====== Records ======

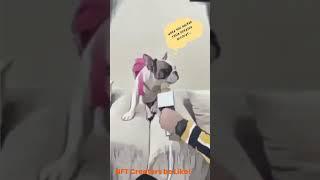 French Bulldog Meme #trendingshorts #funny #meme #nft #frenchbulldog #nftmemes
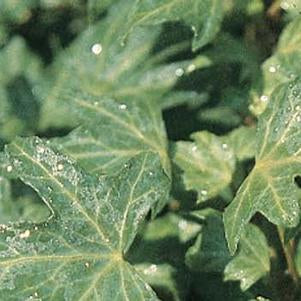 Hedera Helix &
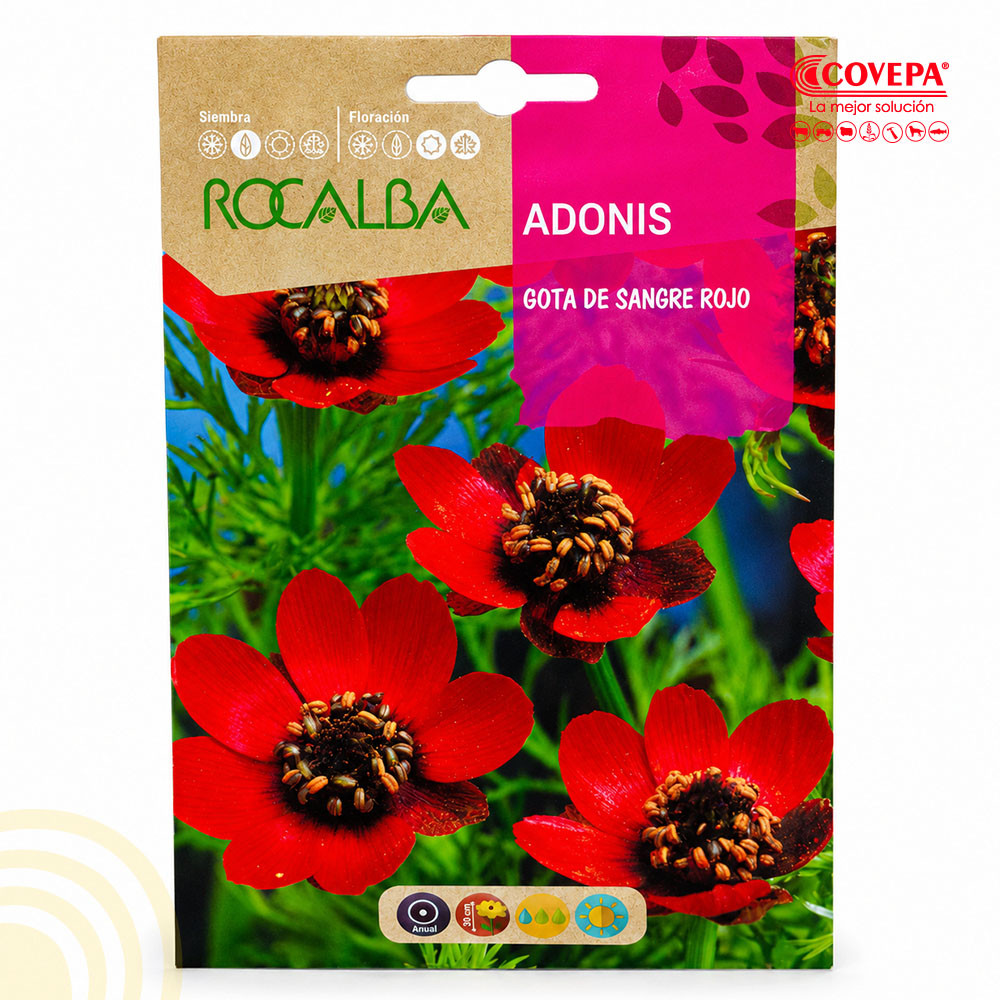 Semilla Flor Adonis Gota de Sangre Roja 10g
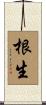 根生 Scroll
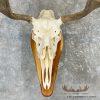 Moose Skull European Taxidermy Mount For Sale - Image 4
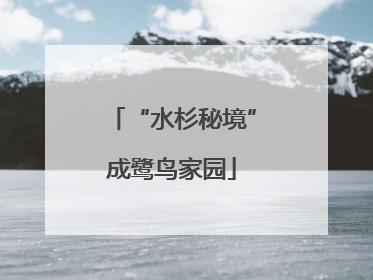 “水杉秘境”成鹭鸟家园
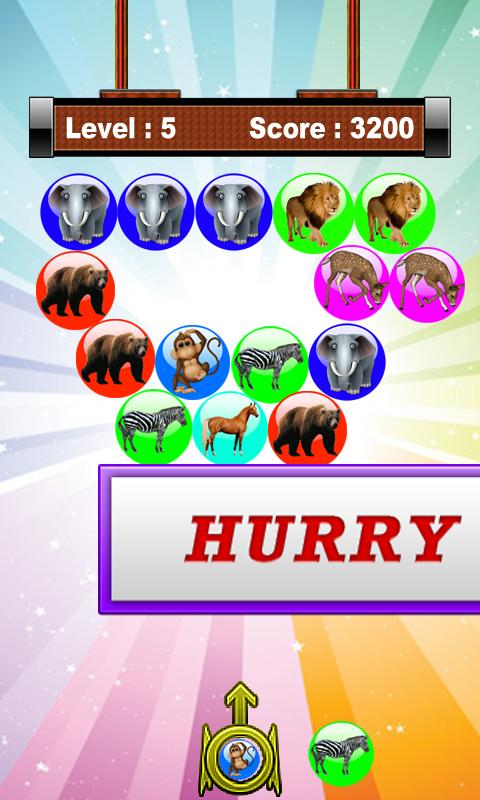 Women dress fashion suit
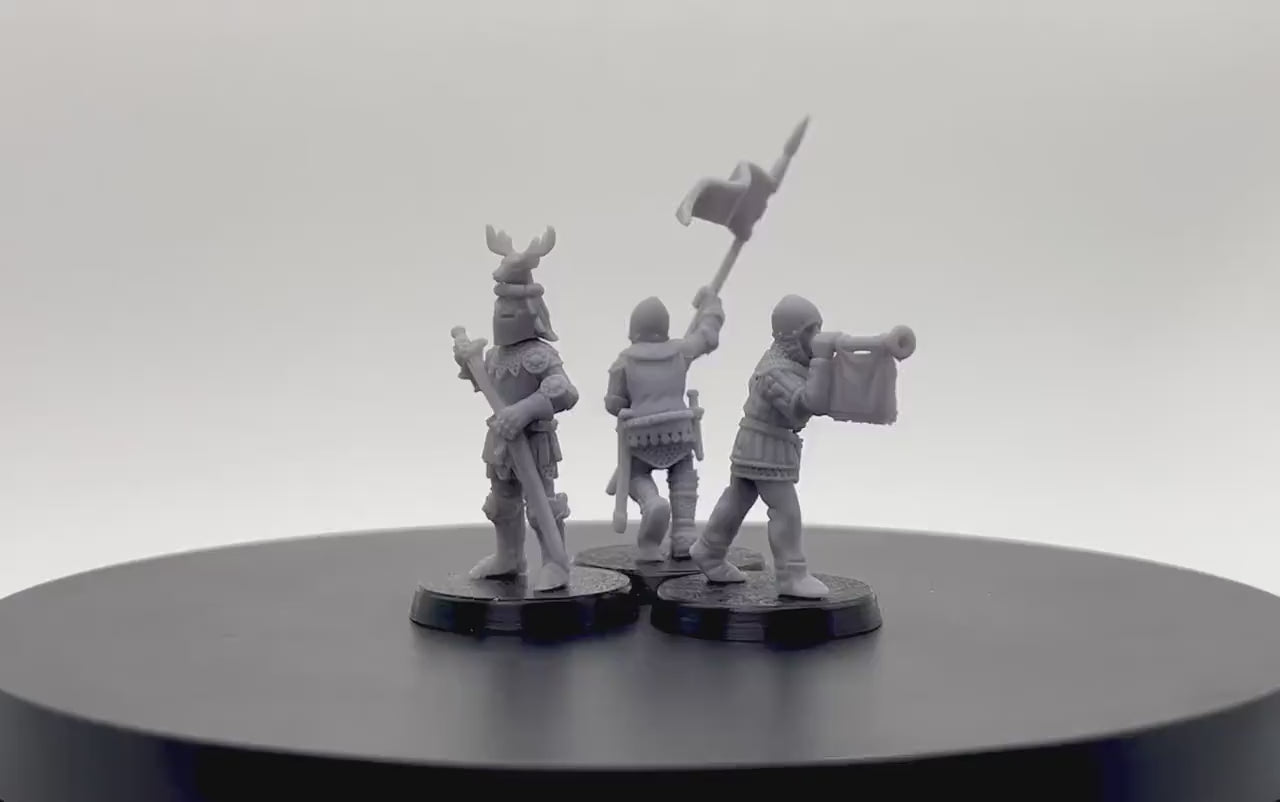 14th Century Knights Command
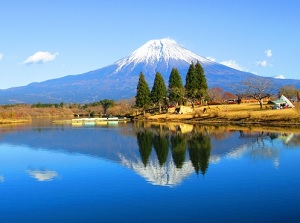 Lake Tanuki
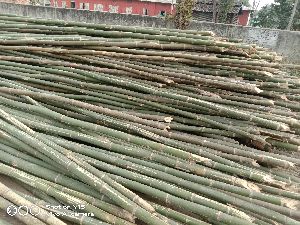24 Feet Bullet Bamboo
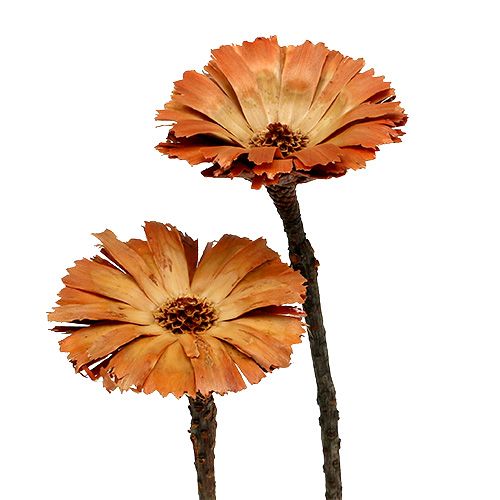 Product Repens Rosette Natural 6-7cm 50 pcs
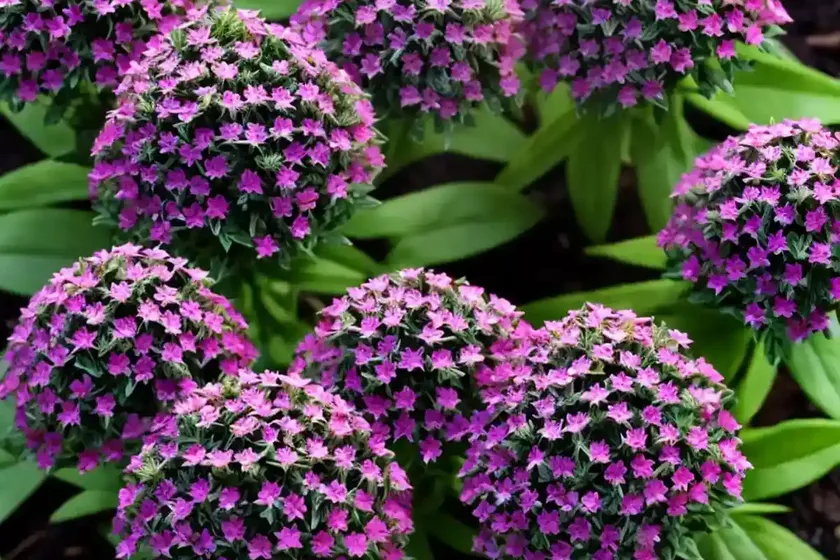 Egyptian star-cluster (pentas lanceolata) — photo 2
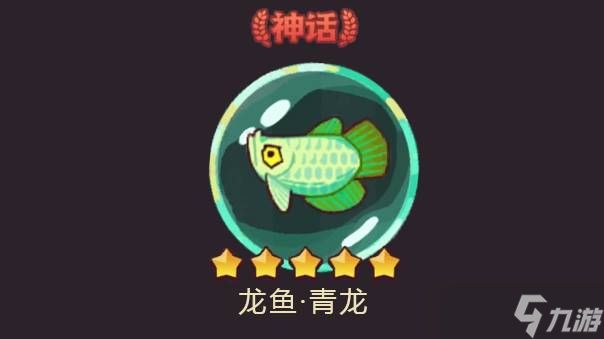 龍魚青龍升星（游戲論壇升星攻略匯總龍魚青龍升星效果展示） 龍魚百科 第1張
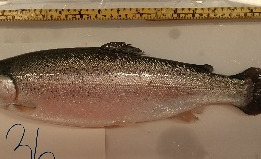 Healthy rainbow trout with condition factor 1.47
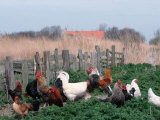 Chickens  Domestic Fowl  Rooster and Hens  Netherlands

======

#### Directions:
In the material above, retype exactly the lines that run from the one containing "Hedera Helix &" through the last line, and keep out the pictures.

#### Response:
 Hedera Helix &
 Semilla Flor Adonis Gota de Sangre Roja 10g
 根生 Scroll
 Moose Skull European Taxidermy Mount For Sale - Image 4
 “水杉秘境”成鹭鸟家园
 Women dress fashion suit
 14th Century Knights Command
 Lake Tanuki
24 Feet Bullet Bamboo
 Product Repens Rosette Natural 6-7cm 50 pcs
 Egyptian star-cluster (pentas lanceolata) — photo 2
 龍魚青龍升星（游戲論壇升星攻略匯總龍魚青龍升星效果展示） 龍魚百科 第1張
 Healthy rainbow trout with condition factor 1.47
 Chickens  Domestic Fowl  Rooster and Hens  Netherlands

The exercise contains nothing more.